SANS | publié le : 23.12.2003 |

Pour les personnes atteintes de surdité ou de déficience auditive, l'insertion professionnelle ressemble souvent à un parcours d'obstacles. Rares sont les entreprises qui ont mené une réflexion sur l'intégration de ces travailleurs handicapés.

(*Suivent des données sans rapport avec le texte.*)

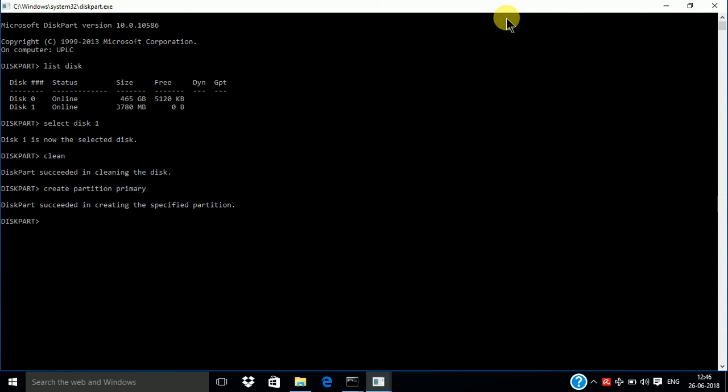Then enter the select space, select space partition 1. Partition 1, enter. Selected.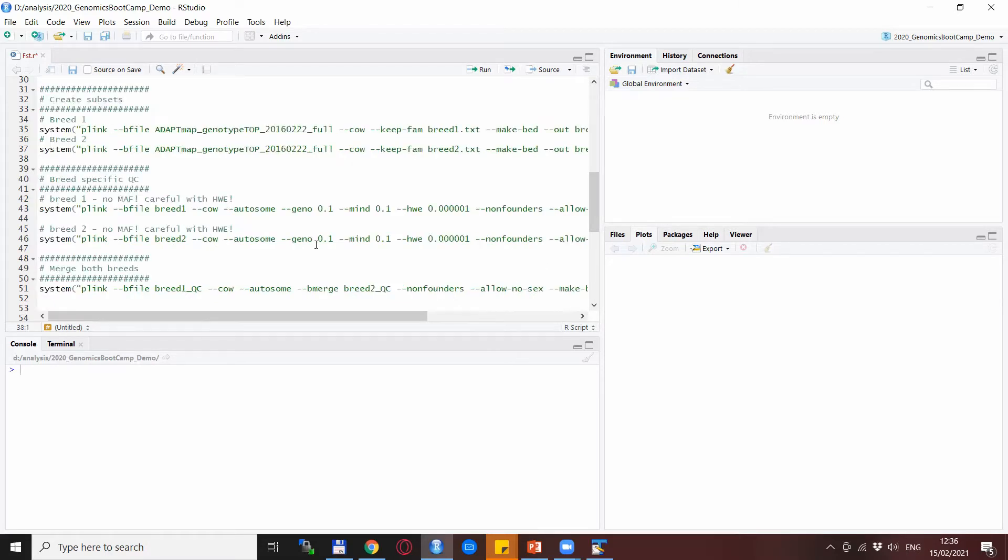The next step is merging, so we need to merge the two files together.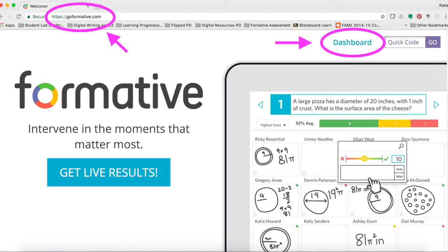To begin, you need to first log in to Formative by going to GoFormative.com. Take a minute to pause this video to log in and locate your dashboard.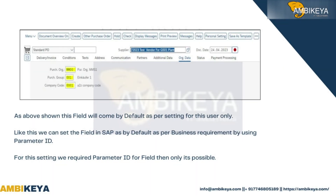As shown, this field will come by default as per the setting for this user only. Like this, we can set any field in SAP as default as per business requirement by using the parameter ID. For this setting, a parameter ID for the field is required — only then is it possible.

Devinette : quelle est la question cruciale pour le devenir du pays qui, à la mi-novembre, a alimenté le débat public ? Réponse : la capacité auditive de Jacques Chirac. A 71 ans, le président de la République serait, en effet, discrètement appareillé. Evidemment anecdotique, l'affaire du Sonotone de Jacques Chirac illustre, en tout cas, le malaise qui entoure la surdité, handicap mal connu que l'inconscient collectif assimile encore, parfois, à la déficience mentale. « Nous n'arrivons pas à nous dépêtrer de cette image sociale du sourdingue », confirme Jérôme Goust, ancien journaliste et écrivain, sourd à 90 %, qui a fondé l'Ouïe SARL, une société basée à Albi (81), qui oeuvre pour la reconnaissance de la malentendance. Sujette à raillerie, la surdité est un handicap caché. Le milieu professionnel n'échappe pas à cette règle. « Pendant longtemps, j'ai masqué ma malentendance au bureau », admet Bernard Prem, un salarié d'IBM. Une entreprise pourtant pionnière en matière d'insertion des travailleurs handicapés (un accord dès 1988) et d'accompagnement des malentendants.

« Pour les salariés déficients auditifs, le pas de la reconnaissance est dur à franchir. Nous les encourageons à se faire connaître, de sorte que nous puissions mettre tous les moyens à leur disposition pour favoriser leur intégration », indique Jean-Jacques Quinery, responsable de la mission insertion chez IBM France. Pas étonnant, dans ces conditions, qu'au niveau national, il n'existe aucun chiffre fiable sur ces salariés. Selon certaines estimations, 4,5 à 6 millions de personnes souffriraient de problèmes auditifs en France, dont environ 40 % ont moins de 50 ans. Résultat : « On peut estimer qu'entre 2 millions et 2,5 millions de personnes sont en situation de travailler », soulève Jérôme Goust.

Frein à l'embauche

Pour tous ceux-là, inutile de préciser que la recherche d'emploi s'est transformée en chemin de croix. Premier frein à l'embauche : les difficultés de communication. « J'ai vécu avec la hantise du téléphone », évoquait dernièrement Gilles Quagliaro, un ingénieur de chez Thales, au colloque "Malentendance et vie professionnelle", organisé le 12 novembre dernier à l'initiative de l'Ouïe SARL. L'entreprise est un univers hostile pour le malentendant. Les outils de communication y sont, en effet, omniprésents, sans compter l'importance que revêtent, en milieu de travail, les relations interpersonnelles.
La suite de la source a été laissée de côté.